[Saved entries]
......

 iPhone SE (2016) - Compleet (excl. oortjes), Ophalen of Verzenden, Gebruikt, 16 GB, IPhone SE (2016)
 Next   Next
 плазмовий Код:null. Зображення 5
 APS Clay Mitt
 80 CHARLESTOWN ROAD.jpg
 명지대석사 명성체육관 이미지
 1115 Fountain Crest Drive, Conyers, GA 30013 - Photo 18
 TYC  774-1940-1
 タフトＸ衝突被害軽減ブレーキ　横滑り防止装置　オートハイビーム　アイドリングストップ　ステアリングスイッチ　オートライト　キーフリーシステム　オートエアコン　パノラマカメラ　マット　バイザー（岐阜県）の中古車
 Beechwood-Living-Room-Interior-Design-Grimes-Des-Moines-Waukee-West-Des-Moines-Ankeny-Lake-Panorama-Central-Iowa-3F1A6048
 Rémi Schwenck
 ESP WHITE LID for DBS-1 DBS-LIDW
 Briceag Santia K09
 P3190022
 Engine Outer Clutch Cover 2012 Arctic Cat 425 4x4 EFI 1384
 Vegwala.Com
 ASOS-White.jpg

......

• [Exercise goal]
Please copy out the records exactly as they appear.

• [Exercise output]
 iPhone SE (2016) - Compleet (excl. oortjes), Ophalen of Verzenden, Gebruikt, 16 GB, IPhone SE (2016)
 Next   Next
 плазмовий Код:null. Зображення 5
 APS Clay Mitt
 80 CHARLESTOWN ROAD.jpg
 명지대석사 명성체육관 이미지
 1115 Fountain Crest Drive, Conyers, GA 30013 - Photo 18
 TYC  774-1940-1
 タフトＸ衝突被害軽減ブレーキ　横滑り防止装置　オートハイビーム　アイドリングストップ　ステアリングスイッチ　オートライト　キーフリーシステム　オートエアコン　パノラマカメラ　マット　バイザー（岐阜県）の中古車
 Beechwood-Living-Room-Interior-Design-Grimes-Des-Moines-Waukee-West-Des-Moines-Ankeny-Lake-Panorama-Central-Iowa-3F1A6048
 Rémi Schwenck
 ESP WHITE LID for DBS-1 DBS-LIDW
 Briceag Santia K09
 P3190022
 Engine Outer Clutch Cover 2012 Arctic Cat 425 4x4 EFI 1384
 Vegwala.Com
 ASOS-White.jpg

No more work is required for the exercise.